Denouncing ‘factions and factious elements’ as Macron has done has no other meaning than to fabricate an enemy within the ranks of society, following the well-established tradition of neoliberal authors. This is an essential aspect and wellspring of any civil war. In the case of contemporary neoliberalism, this vilification targets all those who, through their practices, their forms of life or their struggles, are seen as threatening the normative logic of the market or the supposed indivisible unity of the state. In the chaotic course of Macronism, we have witnessed the continuous invention of categories of enemies according to the circumstances, be it ‘populism’, ‘Islamo-leftism’, single-sex facilities, gender theory, ‘separatism’, ‘communitarianism’, ‘postcolonialism’, ‘wokeism’, ‘deconstructionism’ or ‘intellectual terrorism’. With the decision to dissolve Les Soulèvements de la Terre, which defended a non-productivist model of agriculture at Sainte-Soline, it is now the terms ‘eco-terrorism’ and ‘ultra-left’ that are systematically used to neutralise any criticism of Macron’s market ecology. The advantages of such denunciatory dizziness cannot be underestimated. It has the great advantage of earmarking those who denounce the various forms of inequality and predation as enemies of the Republic, and thereby maintaining belief in the pacifying function of the state, denying precisely by this operation the war waged by this same state against the opponents of the neoliberal order.

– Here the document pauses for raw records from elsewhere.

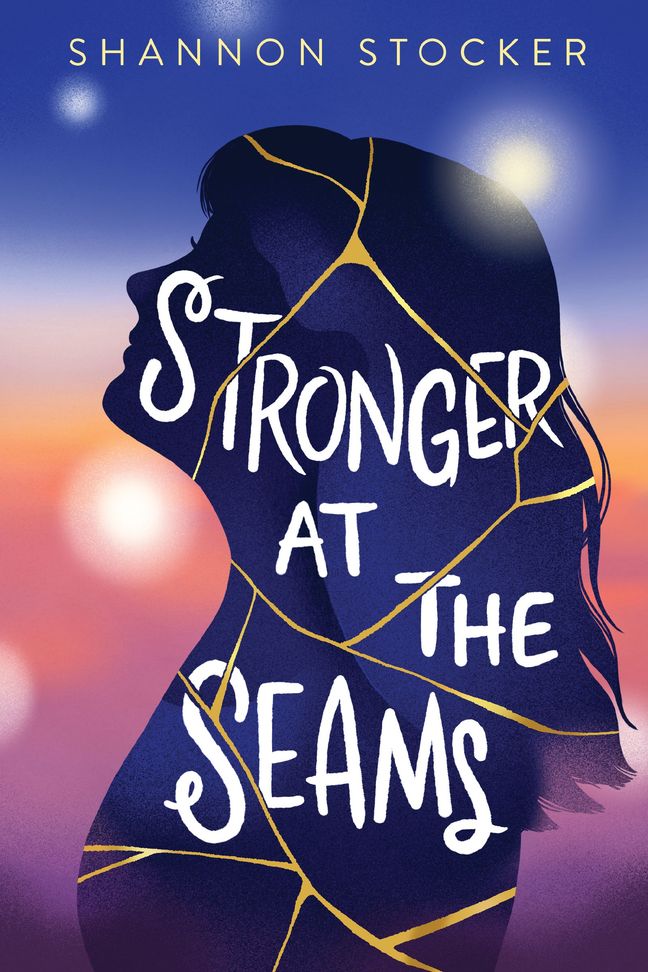 Stronger at the Seams Book Cover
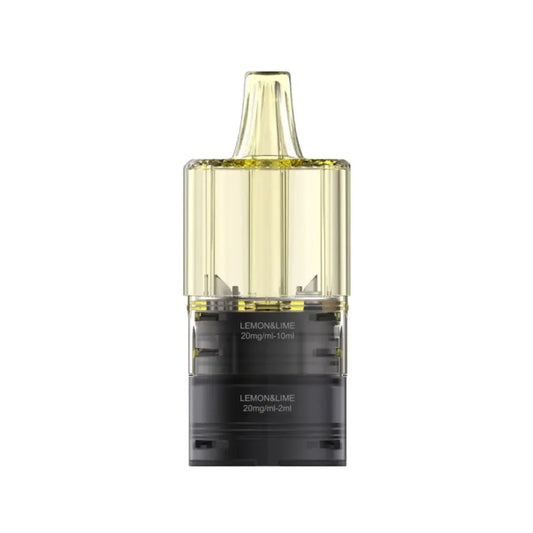 Uwell Viscore 8000 Prefilled Vape Pods - Lemon & Lime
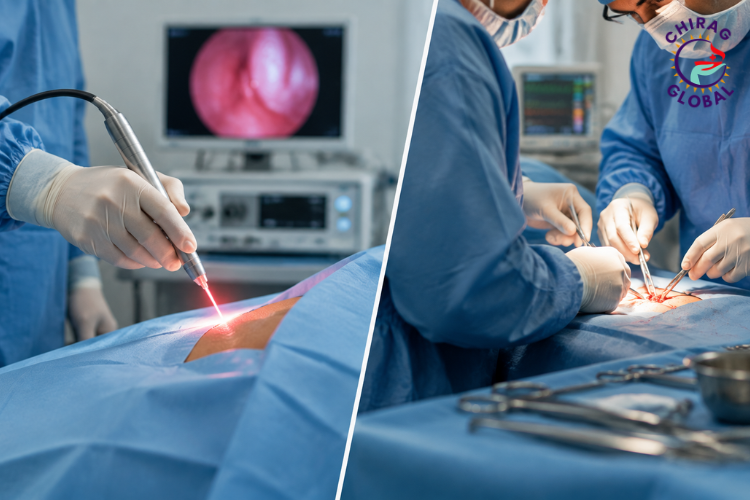 Laser Piles Treatment
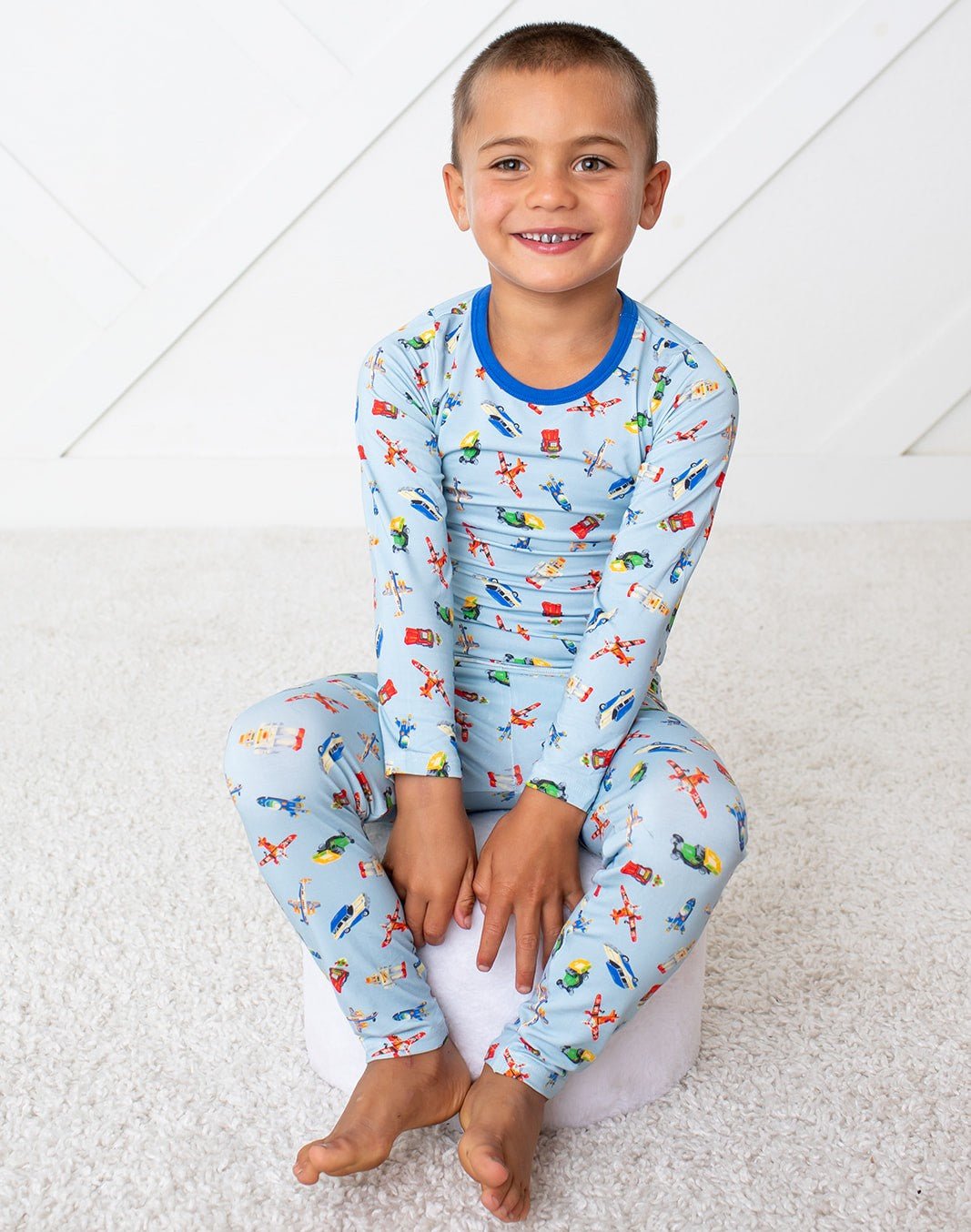 Bestaroo - Bamboo - Tiny Travelers Pajama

We can therefore see what is decisive about Foucault’s invitation to consider all power in a situation like ours – and thus neoliberal power itself – in terms of the ‘matrix’ of civil war. It encourages us not to give in to the illusion that the state’s function is, in essence, to harmonise differences and points of view by means of a ‘dialogue’ as rational as possible between ‘partners’, but rather to see it as a leading actor in the conduct of civil war. But it also makes it possible to take the full measure of the scope of the current mobilisations, by bringing to light the deep coherence that links the regressive policy of the social state and Macron’s ecocidal policy.
Behind the ‘chaos’ that Macron has unleashed we can detect the other world that the ‘factionalists’ carry within them. How do the defence of a dignified life for older workers and future pensioners, and the defence of nature against destructive projects, offer a rare force of coalition today? Because in both cases it is a question of a desirable life and a habitable world. And this desire and this habitability are irreconcilable with the subordination of life and the domination of the world by capital and its state. The fact now is that, to the great majority of people, the logic of the common and the logic of capital are irreconcilable, given the urgency of the crises and the neoliberal obduracy. In this sense there is no possible ‘dialogue’ or ‘compromise’ between those who wage civil war and the great mass of the population that are its target.